GOAL OF THE EXERCISE: Nothing but the lines from the first line of the material below through the line that holds "Frosty Friends - Snowman" should be set down, exactly and with pictures left out.

DATA BLOCK:
::::::::::

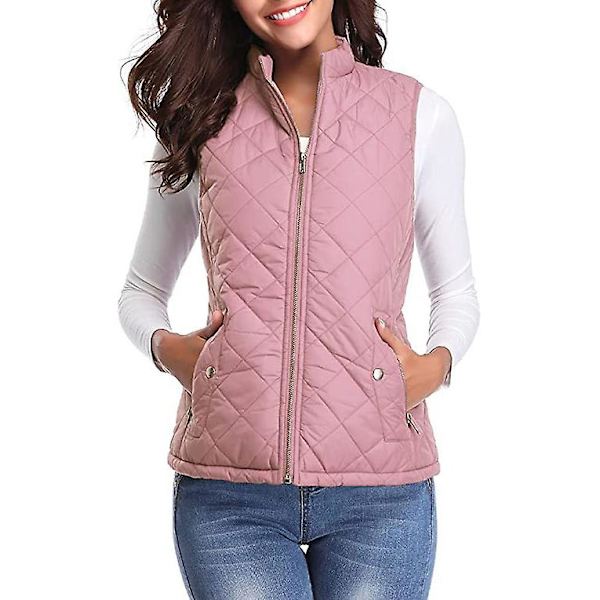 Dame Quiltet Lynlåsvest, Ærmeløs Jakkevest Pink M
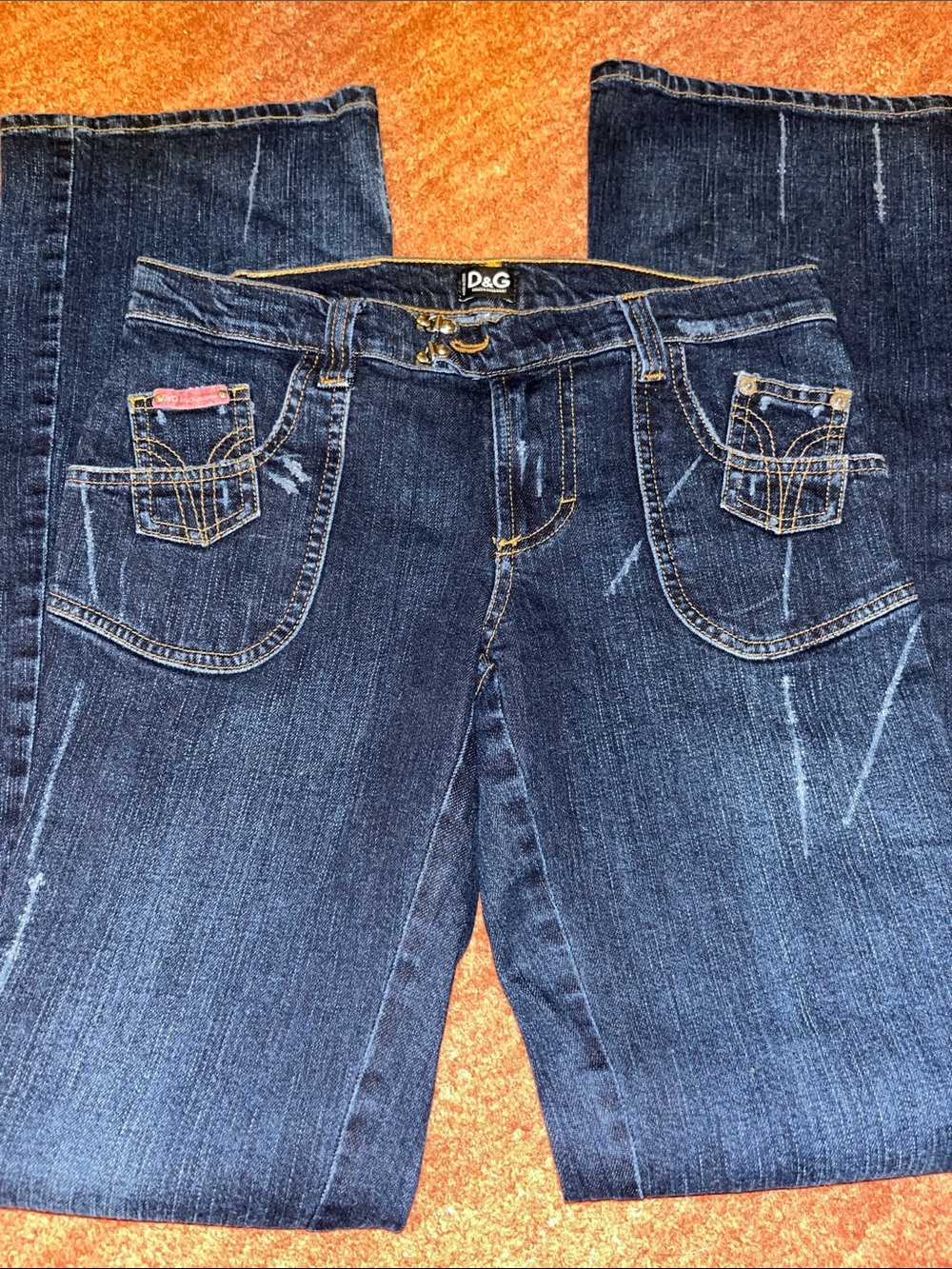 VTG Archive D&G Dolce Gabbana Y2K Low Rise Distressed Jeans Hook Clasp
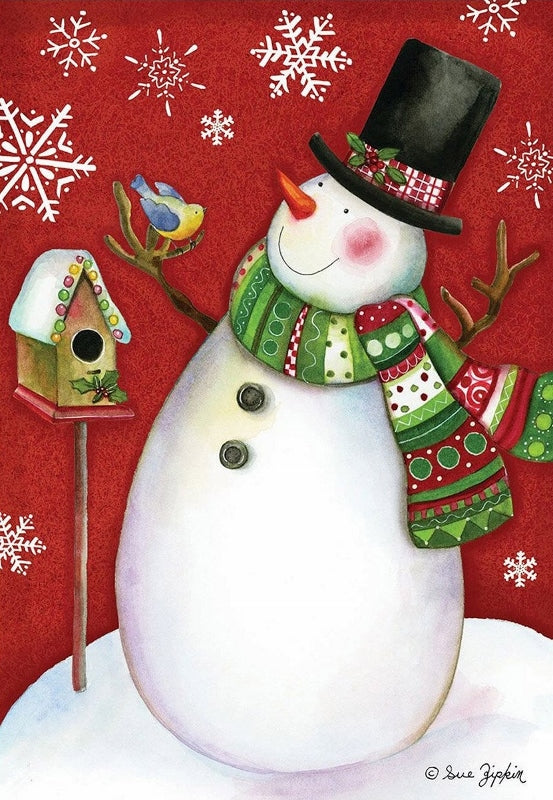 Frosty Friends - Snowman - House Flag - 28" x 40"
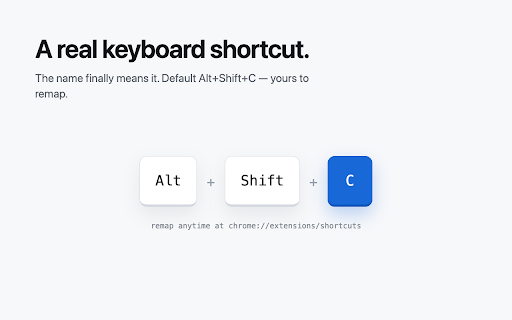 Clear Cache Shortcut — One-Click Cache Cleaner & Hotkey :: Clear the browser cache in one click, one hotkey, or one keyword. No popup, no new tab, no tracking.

::::::::::

EXPECTED ANSWER:
 Dame Quiltet Lynlåsvest, Ærmeløs Jakkevest Pink M
 VTG Archive D&G Dolce Gabbana Y2K Low Rise Distressed Jeans Hook Clasp
 Frosty Friends - Snowman - House Flag - 28" x 40"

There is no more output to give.